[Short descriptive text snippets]

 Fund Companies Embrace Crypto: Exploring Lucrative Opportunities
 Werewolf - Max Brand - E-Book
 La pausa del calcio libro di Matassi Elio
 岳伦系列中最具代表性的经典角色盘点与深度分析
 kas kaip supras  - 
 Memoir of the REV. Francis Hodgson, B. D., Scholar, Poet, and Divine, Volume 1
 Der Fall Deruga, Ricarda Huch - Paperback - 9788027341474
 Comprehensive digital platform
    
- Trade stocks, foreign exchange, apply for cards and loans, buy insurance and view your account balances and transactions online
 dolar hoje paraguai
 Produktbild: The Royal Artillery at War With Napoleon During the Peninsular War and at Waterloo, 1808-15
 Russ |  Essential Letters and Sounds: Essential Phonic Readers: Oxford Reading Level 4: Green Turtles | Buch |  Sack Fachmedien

...

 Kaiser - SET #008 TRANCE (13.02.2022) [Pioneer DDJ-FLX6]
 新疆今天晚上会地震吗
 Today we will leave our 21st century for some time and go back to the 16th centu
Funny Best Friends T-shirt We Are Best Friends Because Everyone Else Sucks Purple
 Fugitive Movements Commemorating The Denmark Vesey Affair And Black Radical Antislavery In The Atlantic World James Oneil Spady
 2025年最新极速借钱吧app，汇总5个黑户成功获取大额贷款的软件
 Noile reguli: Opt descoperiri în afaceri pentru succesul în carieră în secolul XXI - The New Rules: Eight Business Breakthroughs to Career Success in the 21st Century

---

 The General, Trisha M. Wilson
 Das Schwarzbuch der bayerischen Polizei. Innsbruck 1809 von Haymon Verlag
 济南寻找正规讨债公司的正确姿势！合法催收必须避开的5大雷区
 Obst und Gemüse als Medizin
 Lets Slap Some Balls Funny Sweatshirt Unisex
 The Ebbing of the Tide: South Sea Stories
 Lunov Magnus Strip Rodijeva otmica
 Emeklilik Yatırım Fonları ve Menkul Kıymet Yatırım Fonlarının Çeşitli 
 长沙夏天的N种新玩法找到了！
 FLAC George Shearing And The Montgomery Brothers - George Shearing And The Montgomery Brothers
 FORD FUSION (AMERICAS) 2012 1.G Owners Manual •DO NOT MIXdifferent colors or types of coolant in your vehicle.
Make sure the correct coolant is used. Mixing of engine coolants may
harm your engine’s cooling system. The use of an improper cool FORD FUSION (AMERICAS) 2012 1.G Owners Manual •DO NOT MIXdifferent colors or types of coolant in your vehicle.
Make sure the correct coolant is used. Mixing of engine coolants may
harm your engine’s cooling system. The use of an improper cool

■ How to complete this task ■
After locating the line with "Das Schwarzbuch der" above, return that line and every later line through the one with "Lunov Magnus Strip Rodijeva otmica", word for word and with nothing else.

■ Final answer ■
 Das Schwarzbuch der bayerischen Polizei. Innsbruck 1809 von Haymon Verlag
 济南寻找正规讨债公司的正确姿势！合法催收必须避开的5大雷区
 Obst und Gemüse als Medizin
 Lets Slap Some Balls Funny Sweatshirt Unisex
 The Ebbing of the Tide: South Sea Stories
 Lunov Magnus Strip Rodijeva otmica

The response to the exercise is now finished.